Shares of 3M Co. plummeted toward its biggest one-day decline in over 30 years, after the industrial, health-care and consumer products company reported missed profit and revenue expectations, slashed its full-year outlook, and said it was cutting 2,000 jobs…. The percentage decline was second only to the 26% plunge on Oct. 19, 1987. That is the day referred to as Black Monday, with the Dow registered its biggest-ever one-day crash with a 22.6% tumble.
3M stock took its worst cliff-dive in thirty years today because its revenue plummeted this past quarter. Its stock had been on the rise all year as part and parcel of the recent market-wide rally, showing just how quickly things can turn bad, and how little those bidding up a stock often know about the current business of the company they are buying. It did not fall due to rising costs or bad management, but due to falling sales in almost everything.
3M’s worst declines came in its manufacturing for industry and for electronics and energy where revenue was down 6.6% and 11.9% respectively.
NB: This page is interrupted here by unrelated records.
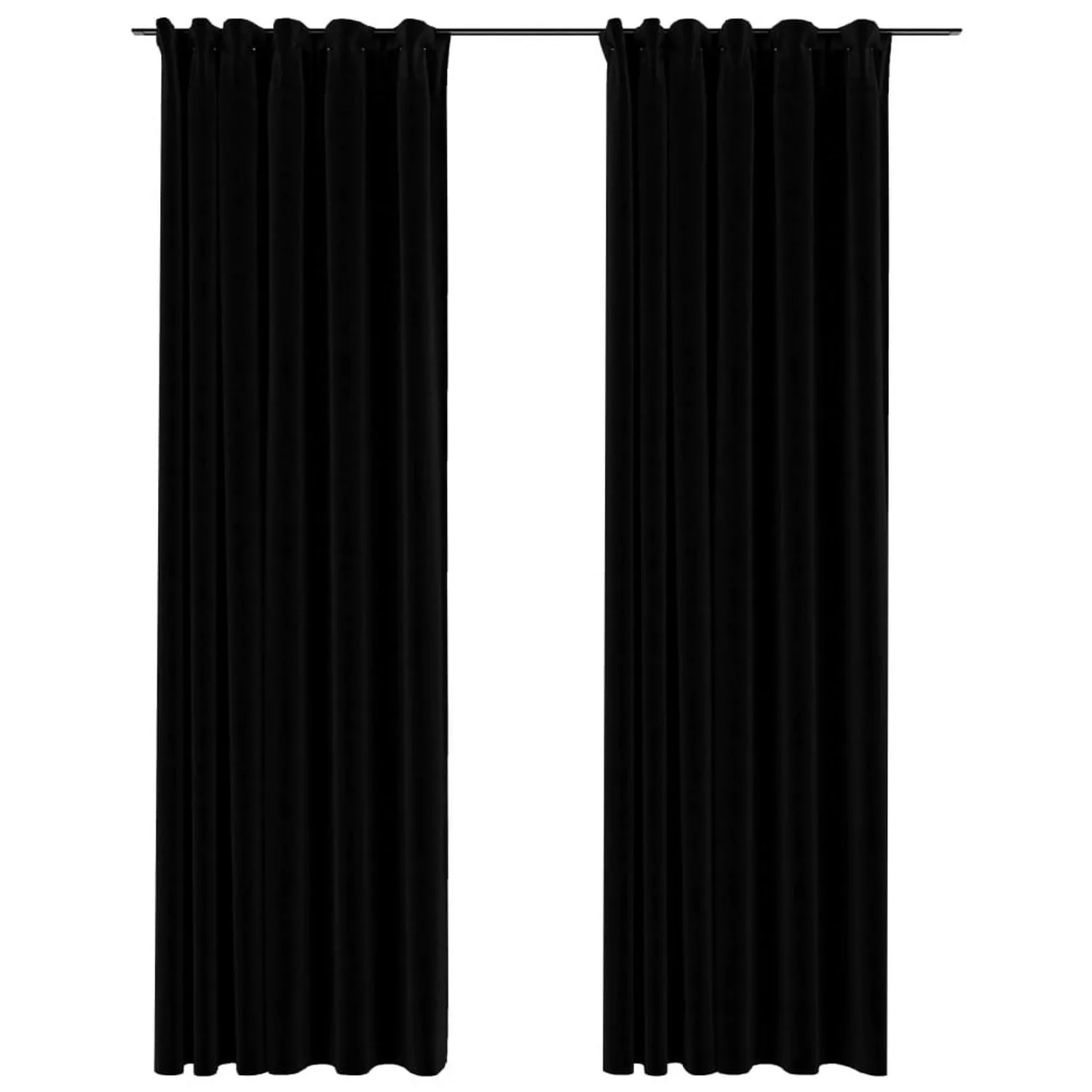 Verdunkelungsvorhänge Haken Leinenoptik 2stk. Schwarz 140x225cm günstig online kaufen
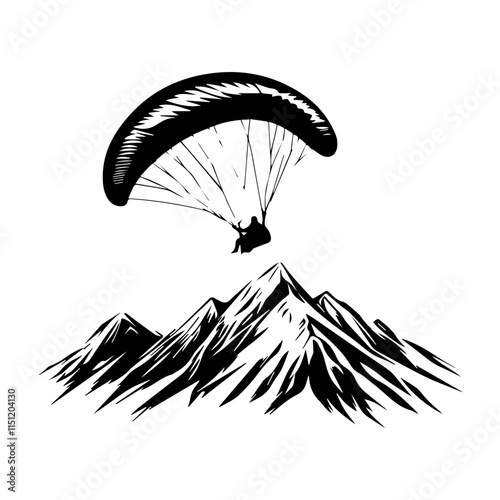 Paraglider Soaring Over Majestic Mountains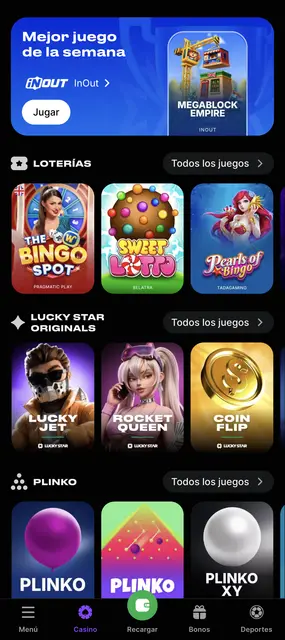 Pantalla de Lucky Star: apartado de loterías con The Bingo Spot y Sweet Lotto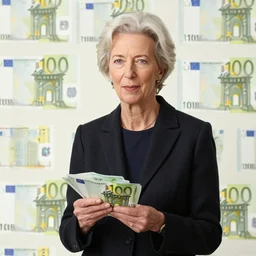 Christine Lagarde using euro bills as wallpaper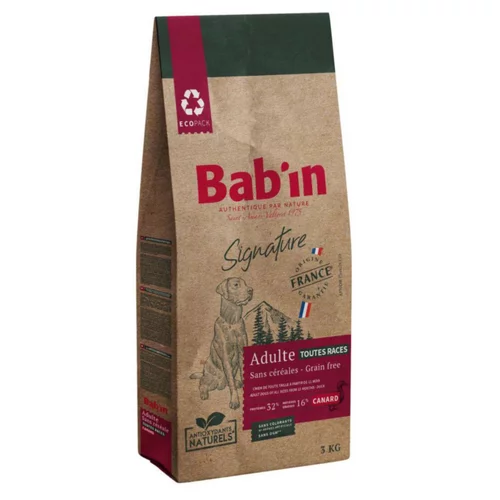 Déco extérieur：Croquettes pour chien adulte au canard sans céréales Bab'in Signature - 3 kg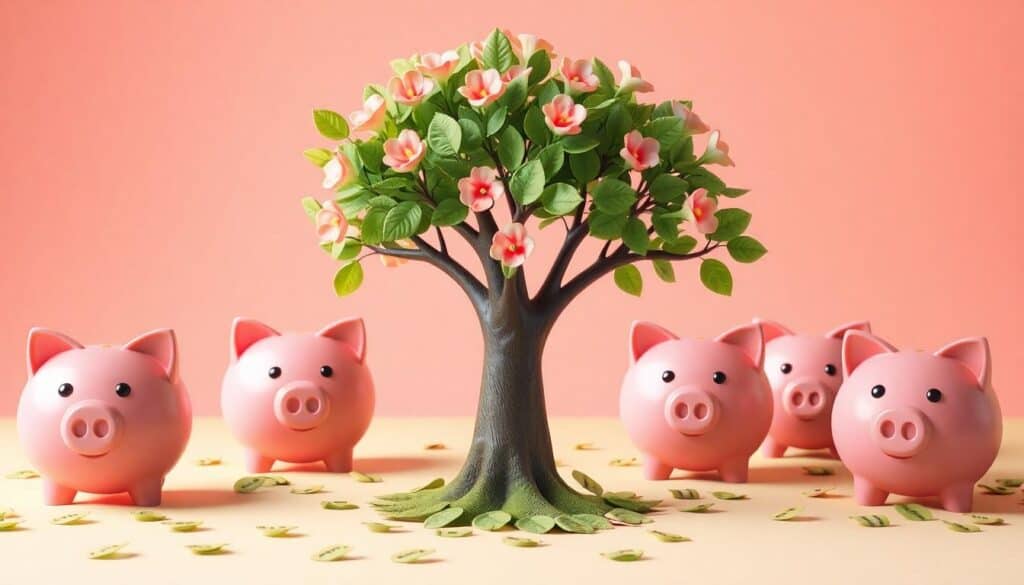 Five pink piggy banks surround a tree with green leaves and pink flowers on a pastel background, symbolizing the blossoming journey towards financial wellness.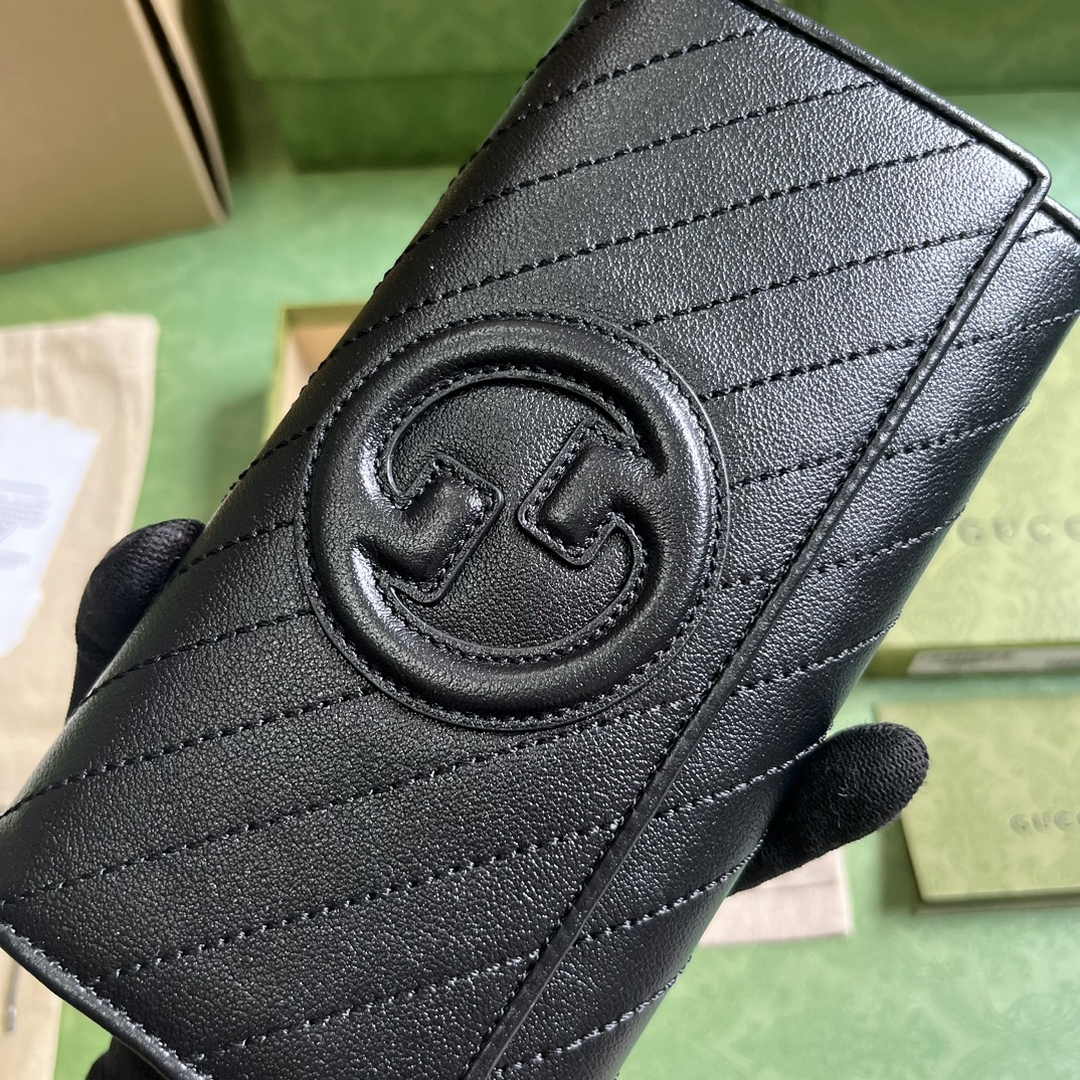 Gucci Blondie continental wallet 760302 in black leather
Now, I know 3M makes a lot of tape, and the government buys a lot of red tape, but I don’t think you can blame this plunge on the government shutdown either, as has been popular in the undeserved euphoria of this earnings season. The business simply wasn’t there to be had.
When you think about what 3M makes you realize it may be a harbinger of the recession I have been predicting for this year, and its graph of what happened today may foreshadow what the stock market looks like soon, too.